«C’est une expérience de vie incroyable» Laurent Mayoraz, guide de ski pour personnes handicapées de la vue
Le Valaisan Laurent Mayoraz passe chaque hiver entre 20 et 30 jours sur les skis avec des personnes aveugles ou malvoyantes. Nous l’avons rencontré sur les hauts de Sion.
«Retrouvons-nous à Sion, c’est plus simple», m’avait-il suggéré au moment de fixer un rendez-vous. A défaut de nous faire monter chez lui à Hérémence, Laurent Mayoraz nous a emmenés sur les hauts de Savièse, sur l’autre rive du Rhône, certes, mais avec vue sur le val d’Hérens. C’est là qu’il est né et c’est là qu’il aime être, au pied de la Dent Blanche. Mais c’est d’une autre passion qu’il doit nous parler aujourd’hui. Cet architecte fraîchement retraité oeuvre en effet depuis bientôt dix ans comme guide de ski pour le compte du Groupement romand de skieurs aveugles et malvoyants (GRSA). Une activité bénévole, ou presque, qui a donné un nouveau sens à ses journées de ski. Sur les pistes, on le reconnaît à sa veste rouge barrée d’une ligne noire, toujours suivi ou précédé d’un.e autre skieur.se équipé.e d’une veste jaune barrée d’une ligne noire. Veste jaune devant: la personne est aveugle. Veste jaune derrière: la personne est malvoyante et suit son guide à distance raisonnable. Les deux sont guidées à la voix.
Viser l’alchimie
Laurent est intarissable lorsqu’il s’agit de parler de son expérience de guide. Cela contraste avec les quatre mots de base du guidage. «En avant», «gauche», «droite» et «halte», ça suffit. Un virage doit être plus serré? «Je module ma voie en conséquence.» Un danger imminent? «Je crie ‹halte› alors que mon instinct me dicte de crier ‹attention›.» Comme tout cela ne va pas de soi, Laurent se replonge avant chaque début de saison dans son manuel de guide, histoire de se remettre dans le bain. Une fois sur le terrain, il devra créer un climat de confiance réciproque.
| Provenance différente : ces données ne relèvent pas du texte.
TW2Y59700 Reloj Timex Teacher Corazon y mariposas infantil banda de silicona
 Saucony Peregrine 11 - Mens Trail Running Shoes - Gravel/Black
Les deux membres du tandem doivent s’adapter l’un à l’autre, lors du guidage sur les pistes, mais aussi dans tous les autres gestes de la vie quotidienne. «Le matin, j’ai la boule au ventre. Mais quand l’alchimie opère, c’est juste magnifique.»
Une journée de ski mémorable
Le guide doit skier très près du skieur aveugle pour éviter que d’autres skieurs ne s’immiscent entre les deux tout en observant ce qui se passe autour. «Au bout d’une journée, tu es lessivé, mais tellement heureux que tu en oublies la fatigue. C’est une expérience de vie incroyable», confie Laurent alors que de l’autre côté de la vallée, la Dent Blanche se dévoile, majestueuse, avant de redisparaître derrière un voile de nuages. Pour Laurent, c’est une journée de ski mémorable aux Collons il y a une dizaine d’années avec son beau-frère Hervé Richoz, lui-même malvoyant, qui a tout déclenché. «Hervé venait avec un guide, il m’a proposé de les accompagner. Je pensais qu’on se contenterait de pistes faciles, mais on a terminé le soir sur les rotules après avoir fait des pistes rouges toute la journée.» Epaté, Laurent a voulu se lancer dans la formation de guide. «J’ai dû faire une demande spéciale, car j’avais dépassé l’âge limite de 55 ans.» Deux ans plus tard, il faisait partie des six diplômés de sa volée de 16 candidats. Depuis, il consacre 20 à 30 journées au guidage chaque hiver. Il lui arrive aussi de partir en randonnée avec son beau-frère Hervé. «Un jour, il a souhaité aller encourager mon fils sur la Patrouille des Glaciers, à la Rosablanche. Je lui ai prêté des skis pour une première montée au col du Grand-Saint-Bernard, puis on s’est entraînés. En montant à la cabane des Vignettes et celle de Bertol. A la descente dans la poudreuse, il suffisait de tendre l’oreille pour comprendre qu’il jubilait.» Pour Laurent, la randonnée reste toutefois cantonnée au domaine privé. «Au-delà, la responsabilité devient trop grande.» C’est donc sur les pistes que vous avez le plus de chance de le rencontrer vêtu de sa veste rouge caractéristique. Mais qui sait? Vous pourriez bien le croiser incognito au pied de la Dent Blanche, qui vient d’ailleurs de réapparaître sous le soleil du soir.